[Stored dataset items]
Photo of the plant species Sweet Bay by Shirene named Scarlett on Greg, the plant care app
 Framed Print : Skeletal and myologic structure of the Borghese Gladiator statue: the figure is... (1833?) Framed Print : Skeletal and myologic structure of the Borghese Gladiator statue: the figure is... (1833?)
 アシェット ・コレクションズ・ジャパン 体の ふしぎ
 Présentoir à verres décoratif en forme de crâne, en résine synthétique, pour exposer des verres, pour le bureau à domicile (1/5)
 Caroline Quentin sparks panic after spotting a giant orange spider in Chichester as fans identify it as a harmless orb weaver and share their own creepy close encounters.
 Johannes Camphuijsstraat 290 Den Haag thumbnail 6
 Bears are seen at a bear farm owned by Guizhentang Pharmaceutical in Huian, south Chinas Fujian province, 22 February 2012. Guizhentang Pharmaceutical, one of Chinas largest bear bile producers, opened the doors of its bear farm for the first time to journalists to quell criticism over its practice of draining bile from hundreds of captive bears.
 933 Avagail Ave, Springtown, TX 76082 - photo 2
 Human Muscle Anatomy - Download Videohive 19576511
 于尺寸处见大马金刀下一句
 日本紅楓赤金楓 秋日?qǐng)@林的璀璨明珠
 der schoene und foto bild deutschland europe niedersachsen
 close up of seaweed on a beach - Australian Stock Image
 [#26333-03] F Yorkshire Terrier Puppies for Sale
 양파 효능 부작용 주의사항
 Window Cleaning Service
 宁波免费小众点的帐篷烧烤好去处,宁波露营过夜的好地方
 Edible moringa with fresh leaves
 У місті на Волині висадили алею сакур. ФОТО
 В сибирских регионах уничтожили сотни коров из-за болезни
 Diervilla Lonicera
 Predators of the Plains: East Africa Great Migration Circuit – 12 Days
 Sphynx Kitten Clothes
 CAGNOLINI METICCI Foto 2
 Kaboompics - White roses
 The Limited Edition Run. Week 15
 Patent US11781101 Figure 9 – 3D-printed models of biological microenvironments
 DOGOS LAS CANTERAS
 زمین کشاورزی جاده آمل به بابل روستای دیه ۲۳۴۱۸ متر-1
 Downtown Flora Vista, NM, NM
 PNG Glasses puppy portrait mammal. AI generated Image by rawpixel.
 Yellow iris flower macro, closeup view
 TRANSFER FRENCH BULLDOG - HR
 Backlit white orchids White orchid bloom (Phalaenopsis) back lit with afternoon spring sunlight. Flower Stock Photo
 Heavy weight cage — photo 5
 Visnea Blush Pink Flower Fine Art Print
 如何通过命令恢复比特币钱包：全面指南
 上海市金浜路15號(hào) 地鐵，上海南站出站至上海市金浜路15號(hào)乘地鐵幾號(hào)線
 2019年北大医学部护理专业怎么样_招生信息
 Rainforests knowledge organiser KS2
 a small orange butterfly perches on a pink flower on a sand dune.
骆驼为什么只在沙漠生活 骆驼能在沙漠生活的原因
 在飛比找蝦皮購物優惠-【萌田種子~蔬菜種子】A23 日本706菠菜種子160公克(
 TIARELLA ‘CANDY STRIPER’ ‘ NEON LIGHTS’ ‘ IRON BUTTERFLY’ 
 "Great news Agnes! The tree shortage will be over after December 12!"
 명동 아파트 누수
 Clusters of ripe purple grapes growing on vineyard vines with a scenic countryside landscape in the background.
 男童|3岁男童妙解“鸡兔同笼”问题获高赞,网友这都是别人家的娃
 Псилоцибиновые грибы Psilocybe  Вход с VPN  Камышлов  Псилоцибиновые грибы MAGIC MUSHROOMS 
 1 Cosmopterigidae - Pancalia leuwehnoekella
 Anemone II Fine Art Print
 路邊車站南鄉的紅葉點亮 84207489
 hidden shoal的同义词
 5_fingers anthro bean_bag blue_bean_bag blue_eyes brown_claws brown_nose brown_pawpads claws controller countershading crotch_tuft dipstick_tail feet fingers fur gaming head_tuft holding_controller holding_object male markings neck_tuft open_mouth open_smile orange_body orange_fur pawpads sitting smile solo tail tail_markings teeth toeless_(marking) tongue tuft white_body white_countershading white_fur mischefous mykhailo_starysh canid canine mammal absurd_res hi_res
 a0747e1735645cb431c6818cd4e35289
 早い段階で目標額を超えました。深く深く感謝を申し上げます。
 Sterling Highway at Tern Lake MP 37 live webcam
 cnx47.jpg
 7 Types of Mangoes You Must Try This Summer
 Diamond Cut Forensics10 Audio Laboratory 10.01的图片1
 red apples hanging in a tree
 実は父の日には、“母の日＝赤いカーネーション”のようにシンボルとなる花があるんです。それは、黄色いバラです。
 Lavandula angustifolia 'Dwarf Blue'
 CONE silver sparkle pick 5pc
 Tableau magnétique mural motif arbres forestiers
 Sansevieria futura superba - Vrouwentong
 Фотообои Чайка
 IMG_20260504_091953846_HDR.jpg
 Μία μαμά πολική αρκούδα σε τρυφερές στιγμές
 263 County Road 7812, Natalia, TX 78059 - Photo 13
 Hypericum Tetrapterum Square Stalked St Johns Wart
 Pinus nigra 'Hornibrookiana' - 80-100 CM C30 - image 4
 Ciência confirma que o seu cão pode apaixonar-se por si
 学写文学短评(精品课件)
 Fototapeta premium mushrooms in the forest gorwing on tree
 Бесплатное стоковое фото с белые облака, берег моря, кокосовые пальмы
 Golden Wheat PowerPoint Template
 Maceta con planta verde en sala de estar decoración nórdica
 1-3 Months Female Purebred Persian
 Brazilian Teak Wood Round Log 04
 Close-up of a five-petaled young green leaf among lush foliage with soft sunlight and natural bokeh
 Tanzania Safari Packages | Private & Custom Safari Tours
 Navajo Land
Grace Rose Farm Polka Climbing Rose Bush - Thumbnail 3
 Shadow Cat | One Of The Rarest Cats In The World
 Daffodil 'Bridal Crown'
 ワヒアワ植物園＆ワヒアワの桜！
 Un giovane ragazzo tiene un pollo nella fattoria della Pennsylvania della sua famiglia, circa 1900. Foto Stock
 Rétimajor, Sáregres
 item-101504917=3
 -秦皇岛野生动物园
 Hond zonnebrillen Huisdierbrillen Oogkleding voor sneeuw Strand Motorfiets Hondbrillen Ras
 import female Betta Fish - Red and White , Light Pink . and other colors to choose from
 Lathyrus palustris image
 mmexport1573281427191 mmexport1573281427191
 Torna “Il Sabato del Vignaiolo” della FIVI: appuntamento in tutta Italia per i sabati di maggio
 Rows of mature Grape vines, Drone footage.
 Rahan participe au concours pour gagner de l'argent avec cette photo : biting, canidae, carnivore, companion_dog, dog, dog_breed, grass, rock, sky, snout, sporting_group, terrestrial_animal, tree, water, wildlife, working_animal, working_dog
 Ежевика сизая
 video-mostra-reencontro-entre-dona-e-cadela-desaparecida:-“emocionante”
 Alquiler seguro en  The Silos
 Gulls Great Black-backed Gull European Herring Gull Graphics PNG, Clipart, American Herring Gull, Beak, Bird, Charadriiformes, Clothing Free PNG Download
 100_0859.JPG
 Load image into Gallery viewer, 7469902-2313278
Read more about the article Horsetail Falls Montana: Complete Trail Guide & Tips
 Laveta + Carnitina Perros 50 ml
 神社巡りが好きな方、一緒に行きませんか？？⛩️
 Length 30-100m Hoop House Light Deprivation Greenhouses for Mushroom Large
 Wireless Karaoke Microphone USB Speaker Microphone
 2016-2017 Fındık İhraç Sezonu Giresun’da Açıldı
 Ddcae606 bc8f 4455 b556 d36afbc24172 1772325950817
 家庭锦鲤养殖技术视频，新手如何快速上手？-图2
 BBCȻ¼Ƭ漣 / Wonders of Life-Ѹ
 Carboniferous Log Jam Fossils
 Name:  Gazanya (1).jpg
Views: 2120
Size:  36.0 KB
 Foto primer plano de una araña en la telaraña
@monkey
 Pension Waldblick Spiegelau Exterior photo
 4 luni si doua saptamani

» **YOUR GOAL**: An exact copy of the lines above between the line holding "TIARELLA ‘CANDY STRIPER’" and the line holding "Close-up of a", inclusive, is the whole answer.

» **ANSWER SPACE**:
 TIARELLA ‘CANDY STRIPER’ ‘ NEON LIGHTS’ ‘ IRON BUTTERFLY’ 
 "Great news Agnes! The tree shortage will be over after December 12!"
 명동 아파트 누수
 Clusters of ripe purple grapes growing on vineyard vines with a scenic countryside landscape in the background.
 男童|3岁男童妙解“鸡兔同笼”问题获高赞,网友这都是别人家的娃
 Псилоцибиновые грибы Psilocybe  Вход с VPN  Камышлов  Псилоцибиновые грибы MAGIC MUSHROOMS 
 1 Cosmopterigidae - Pancalia leuwehnoekella
 Anemone II Fine Art Print
 路邊車站南鄉的紅葉點亮 84207489
 hidden shoal的同义词
 5_fingers anthro bean_bag blue_bean_bag blue_eyes brown_claws brown_nose brown_pawpads claws controller countershading crotch_tuft dipstick_tail feet fingers fur gaming head_tuft holding_controller holding_object male markings neck_tuft open_mouth open_smile orange_body orange_fur pawpads sitting smile solo tail tail_markings teeth toeless_(marking) tongue tuft white_body white_countershading white_fur mischefous mykhailo_starysh canid canine mammal absurd_res hi_res
 a0747e1735645cb431c6818cd4e35289
 早い段階で目標額を超えました。深く深く感謝を申し上げます。
 Sterling Highway at Tern Lake MP 37 live webcam
 cnx47.jpg
 7 Types of Mangoes You Must Try This Summer
 Diamond Cut Forensics10 Audio Laboratory 10.01的图片1
 red apples hanging in a tree
 実は父の日には、“母の日＝赤いカーネーション”のようにシンボルとなる花があるんです。それは、黄色いバラです。
 Lavandula angustifolia 'Dwarf Blue'
 CONE silver sparkle pick 5pc
 Tableau magnétique mural motif arbres forestiers
 Sansevieria futura superba - Vrouwentong
 Фотообои Чайка
 IMG_20260504_091953846_HDR.jpg
 Μία μαμά πολική αρκούδα σε τρυφερές στιγμές
 263 County Road 7812, Natalia, TX 78059 - Photo 13
 Hypericum Tetrapterum Square Stalked St Johns Wart
 Pinus nigra 'Hornibrookiana' - 80-100 CM C30 - image 4
 Ciência confirma que o seu cão pode apaixonar-se por si
 学写文学短评(精品课件)
 Fototapeta premium mushrooms in the forest gorwing on tree
 Бесплатное стоковое фото с белые облака, берег моря, кокосовые пальмы
 Golden Wheat PowerPoint Template
 Maceta con planta verde en sala de estar decoración nórdica
 1-3 Months Female Purebred Persian
 Brazilian Teak Wood Round Log 04
 Close-up of a five-petaled young green leaf among lush foliage with soft sunlight and natural bokeh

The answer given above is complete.